W ostatnich dniach uwagę zwraca nasilenie pogorszenia się nastawienia inwestorów do sektora energetycznego. WIG-energia tracił do czwartku niemal 4 proc.. Akcje PGE taniały o prawie 5 proc., a papiery Tauronu o 4 proc. Mocno przeceniano akcje części dużych banków. Papiery Santandera zniżkowały o ponad 6 proc., a walory Aliora traciły 3,5 proc. Spadki akcji PKO BP i Pekao oscylowały wokół 2 proc. Po silnym ruchu w górę z pierwszych dni obecnego roku, od trzech tygodni WIG-banki zdecydowanie zniżkuje, o prawie 10 proc.
Spadkowa korekta w segmencie średnich firm twa już trzeci tydzień z rzędu i ostatnie dni nie przyniosły w tej kwestii żadnej zmiany.

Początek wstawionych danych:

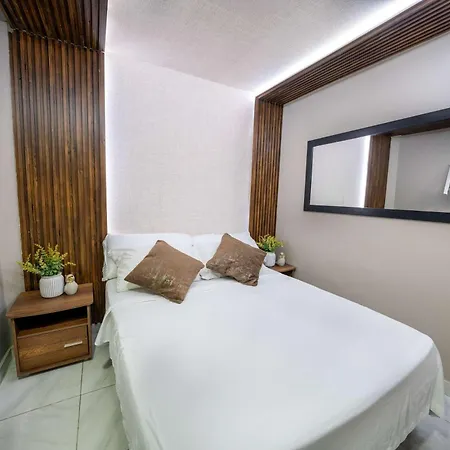 5 Habitaciones Con Un Jacuzzi Privado-2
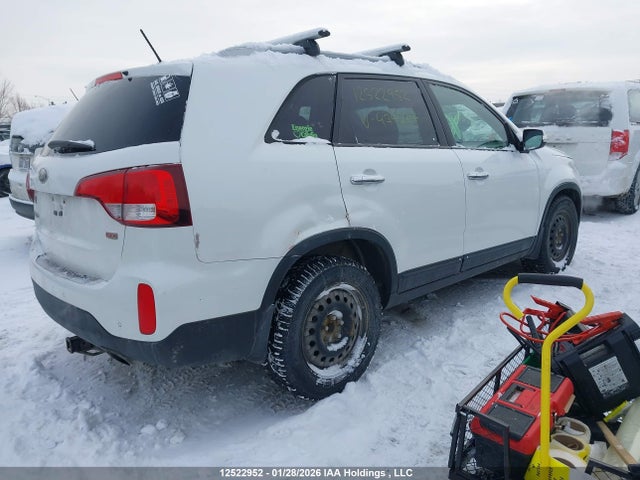 5XYKT3A62EG479267 KIA Sorento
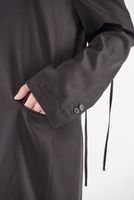 oversized schurwoll-mantel mit reißverschluss an der schulternaht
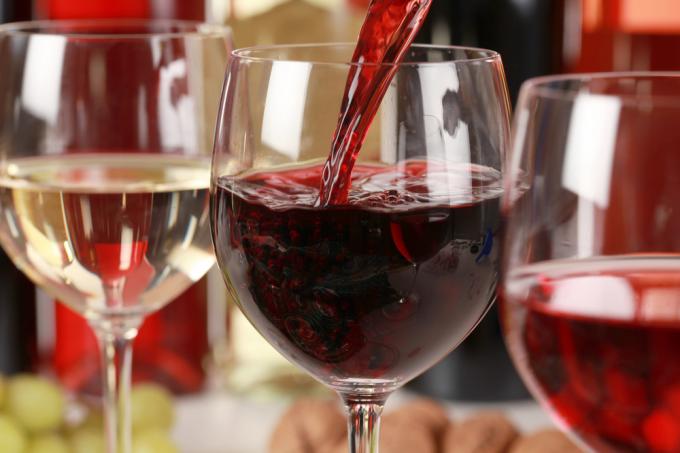 Kuinka paljon voit juoda ilman haittaa terveydelle: siedetty annos alkoholia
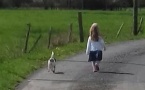 Le chien et l'enfant Le chien et l'enfant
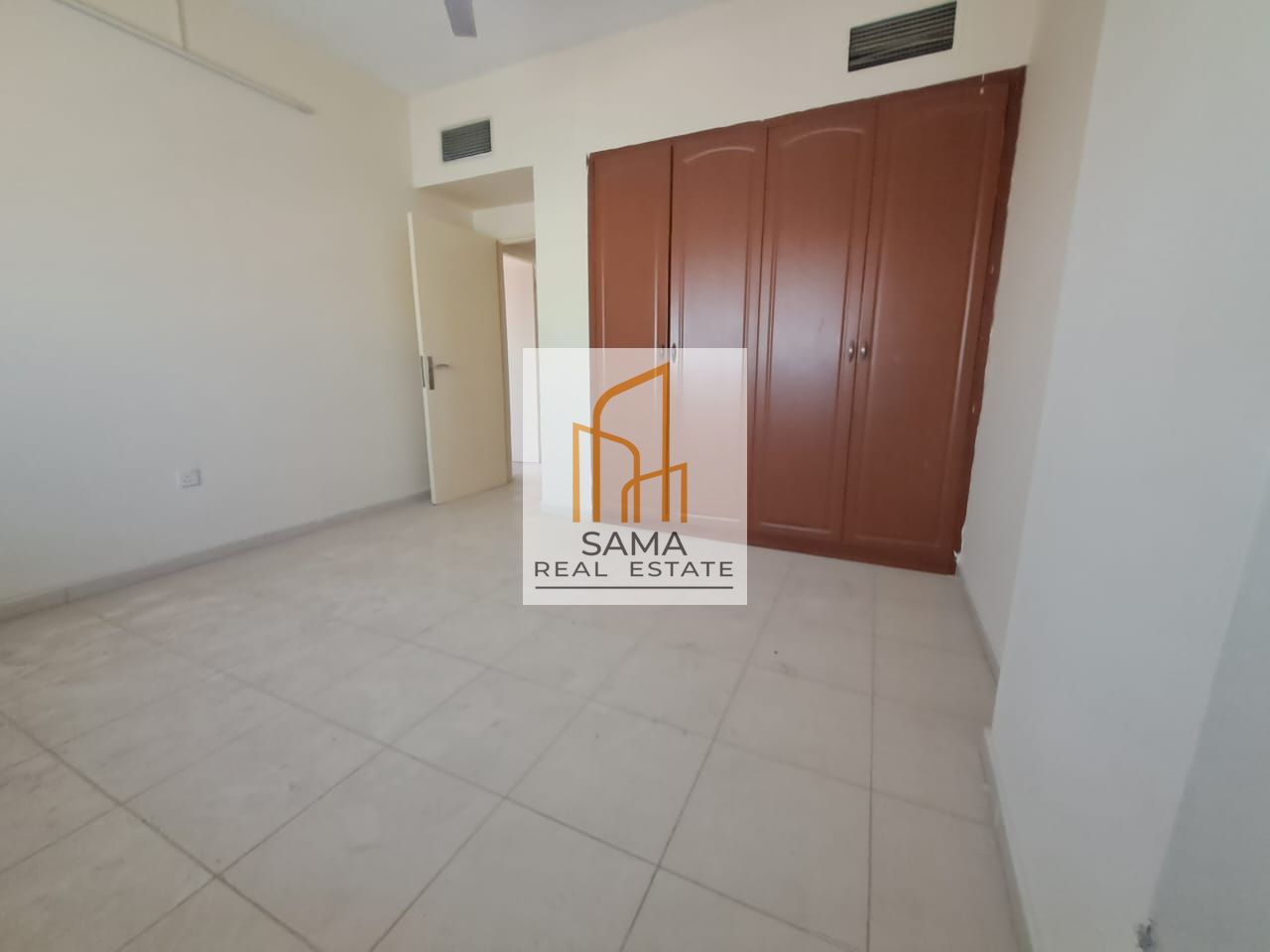 Luxury 2 bhk with 2 bath n balcony near to bus station muwiallah just in 40k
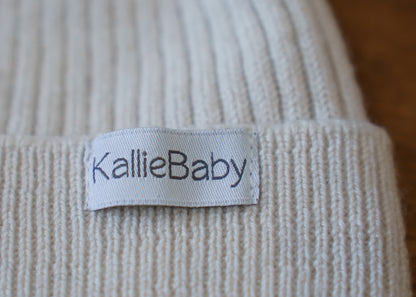 Keep your baby warm and comfortable with our ribbed knit hat, crafted from 100% RWS certified merino wool. Naturally soft, breathable, and gentle on delicate skin, this timeless baby hat is a sustainable essential for everyday wear.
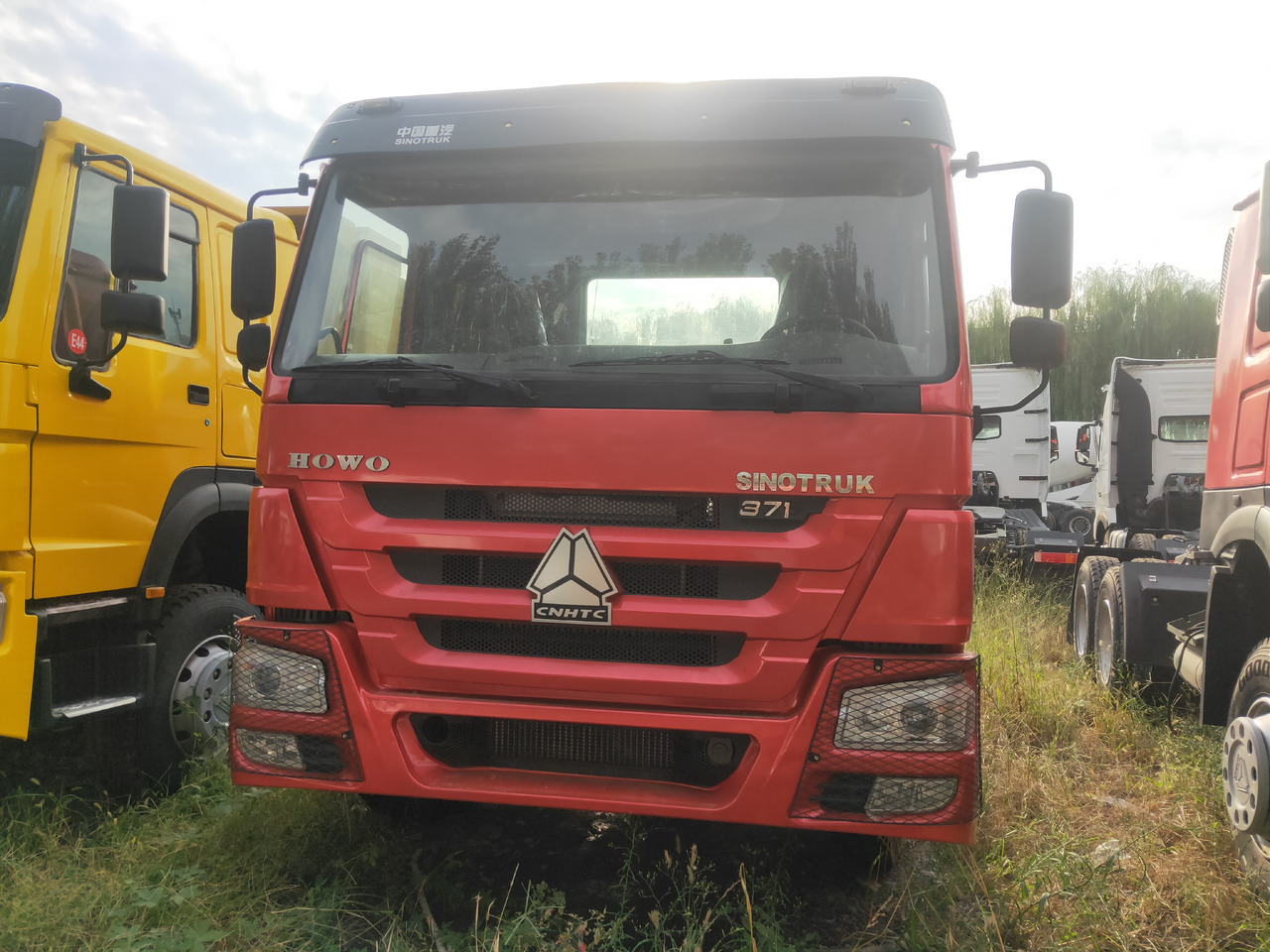 Tegljač Sinotruk HOWO 371 6*4 Tractor: slika 10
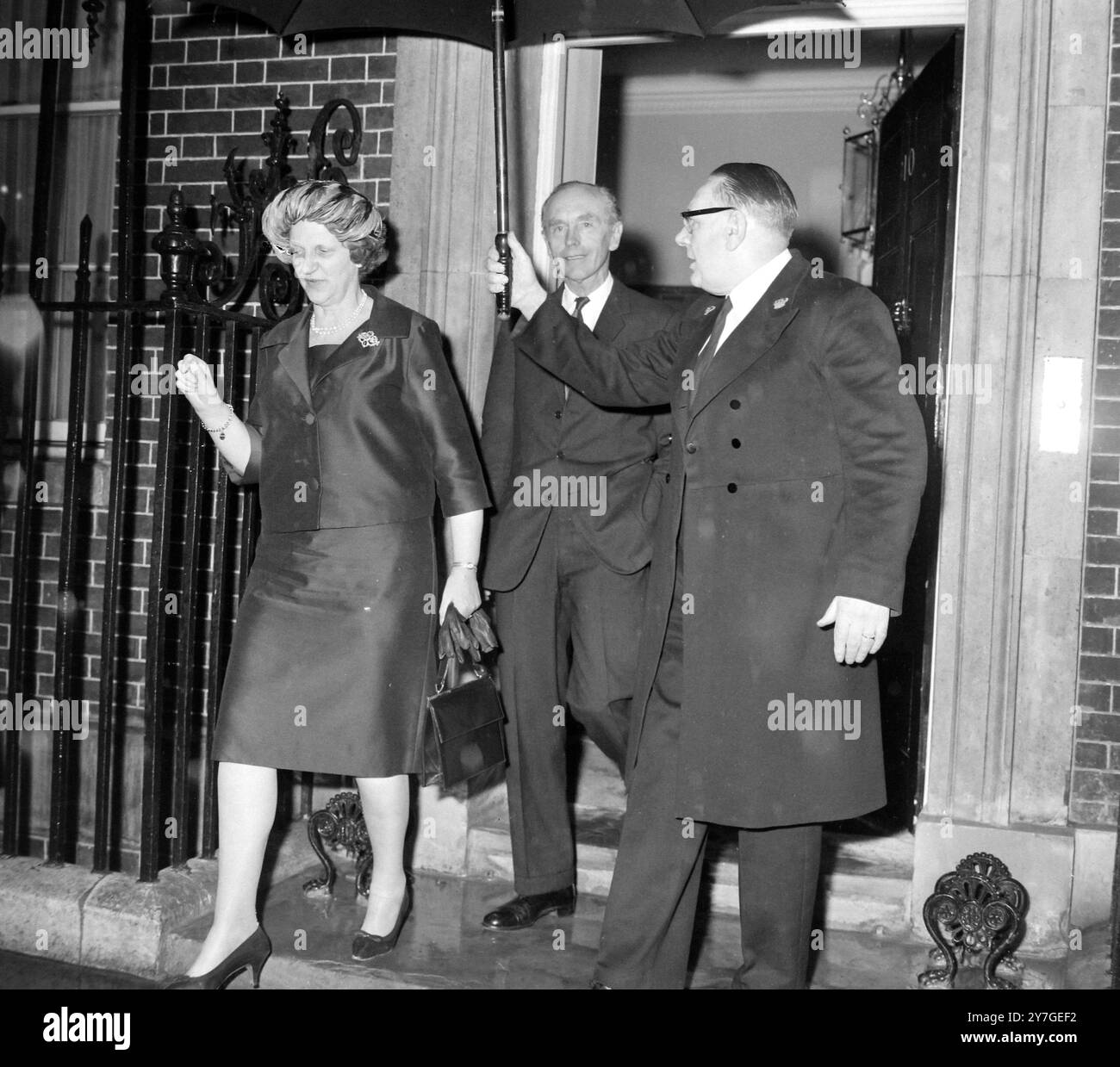 ANCIEN PREMIER MINISTRE BRITANNIQUE LORD ALEC DOUGLAS DOMICILE AU 10 DOWNING STREET À LONDRES ; 13 NOVEMBRE 1964 Banque D'Images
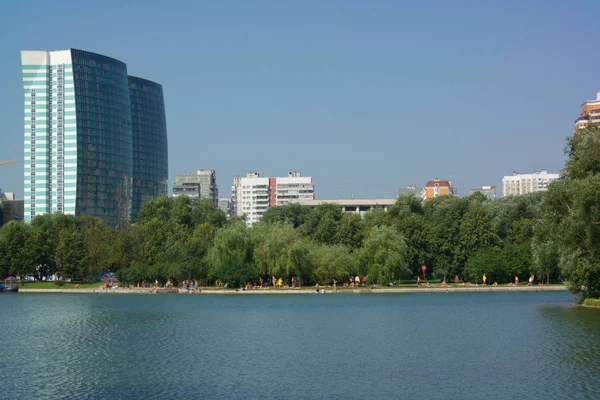 Sommar i stadsparken — Stockfoto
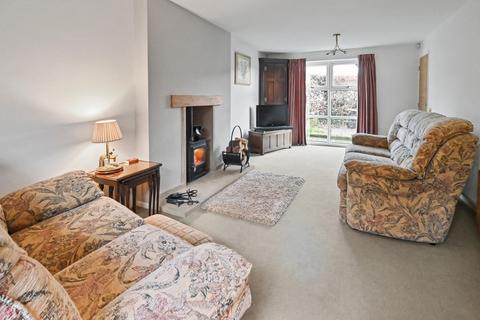 4 bedroom detached house for sale, Derwent Gardens, Ashbourne, DE6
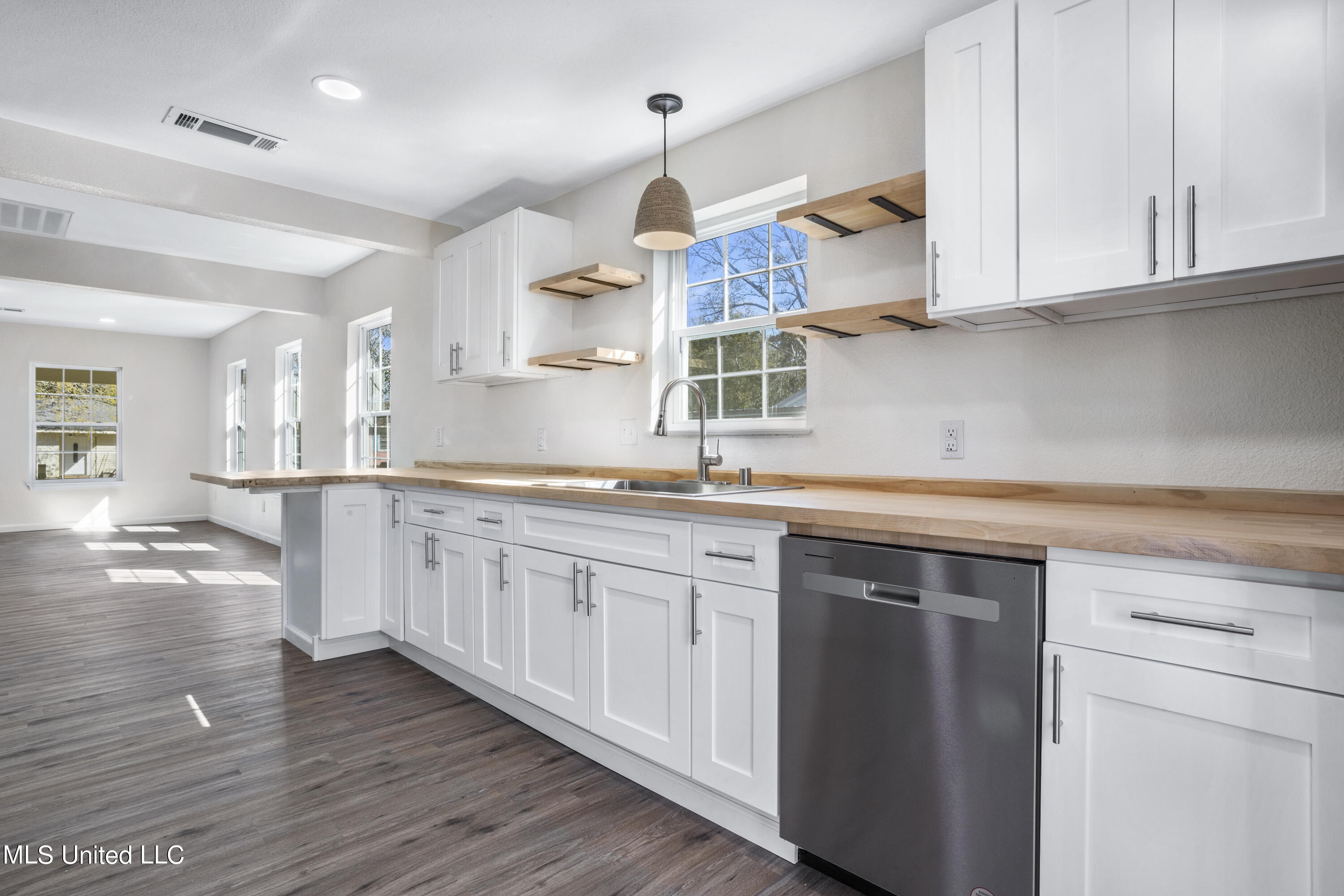 1175 Lafayette Street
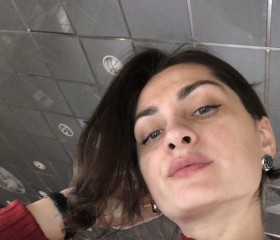 Lana, 27, Yekaterinburg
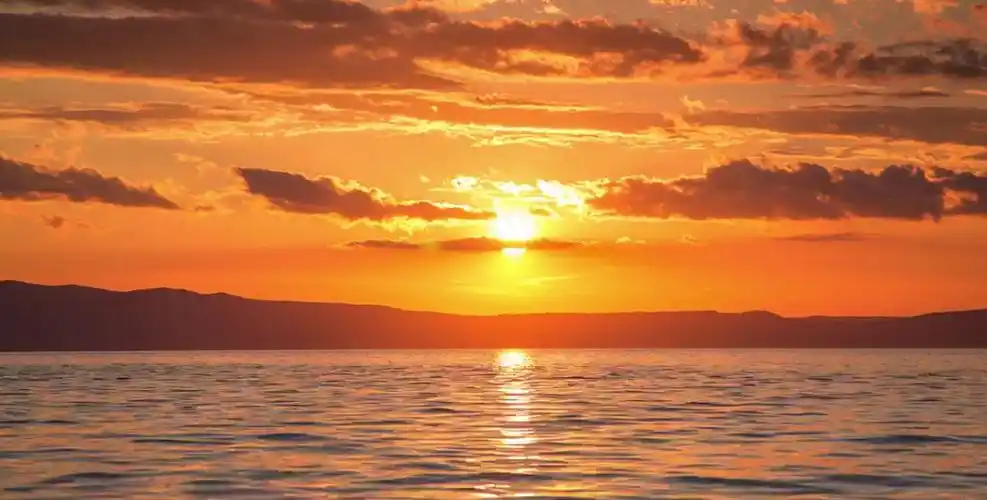 日落黄色的晚霞落山的太阳蓝色场景天空太阳大海海浪水花夏日夏季展板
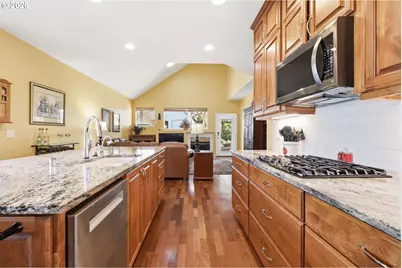 8913 NE 13th St, Vancouver, WA 98664 - Photo 18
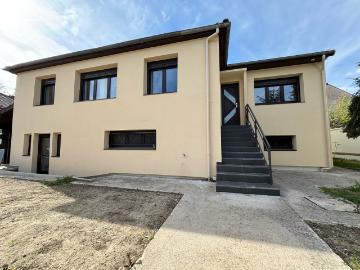 Charmante maison rénovée située à proximité du centre ville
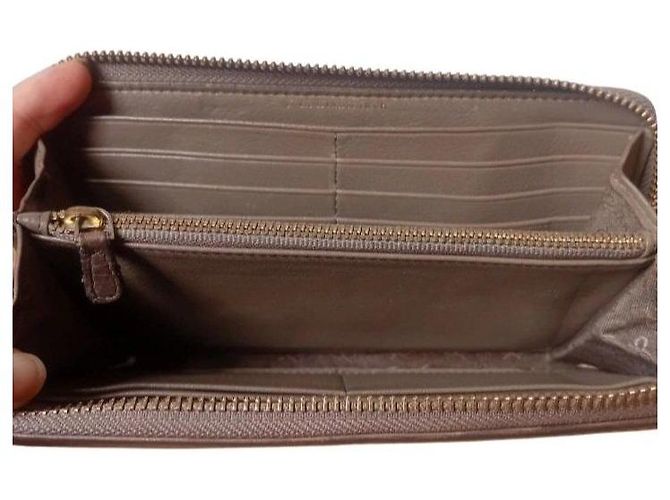 Anya Hindmarch Cartera de cuero marrón con cierre de cremallera - vista 3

W trakcie pierwszych czterech sesji minionego tygodnia mWIG40 zniżkował o 1,4 proc. W czwartek przez moment schodził poniżej 4000 pkt, czyli do poziomu z końca ubiegłego roku. W tym przypadku można mówić o obronie przez byki technicznego poziomu wsparcia. Odbyła się ona jednak w warunkach liczebnej przewagi spółek, których akcje traciły. Najmocniej, o ponad 3 proc., zwyżkowały papiery Biomedu Lublin, odreagowujące 13-proc. spadek z poprzedniego tygodnia. To jasno wskazuje na „siłę" tego segmentu rynku. Po drugiej stronie skali znalazły się walory mBanku, spadające o niemal 7 proc. Po około 4 proc. zniżkowały papiery Enei, XTB, Celon Pharmy i Amiki, a także Banku Millennium.
Niedźwiedzie podjęły w ostatnich dniach próbę wyjścia dołem z trwającej od trzech tygodni tendencji bocznej dominujące w segmencie najmniejszych firm. Do czwartku sWIG80 tracił 1,6 proc. To największy tygodniowy spadek od listopada ubiegłego roku. Nie udała się próba utrzymania indeksu powyżej 17 000 pkt. Wciąż jednak sytuacja na tym rynku jest najbardziej obiecująca z punktu widzenia posiadaczy akcji. Pozytywnie w ostatnich dniach wyróżniały się papiery Forte, zwyżkujące do czwartku o ponad 6 proc. O 3,5 proc. w górę szły walory Auto Partnera, kontynuując konsekwentnie tendencję wzrostową, trwającą od marca ubiegłego roku.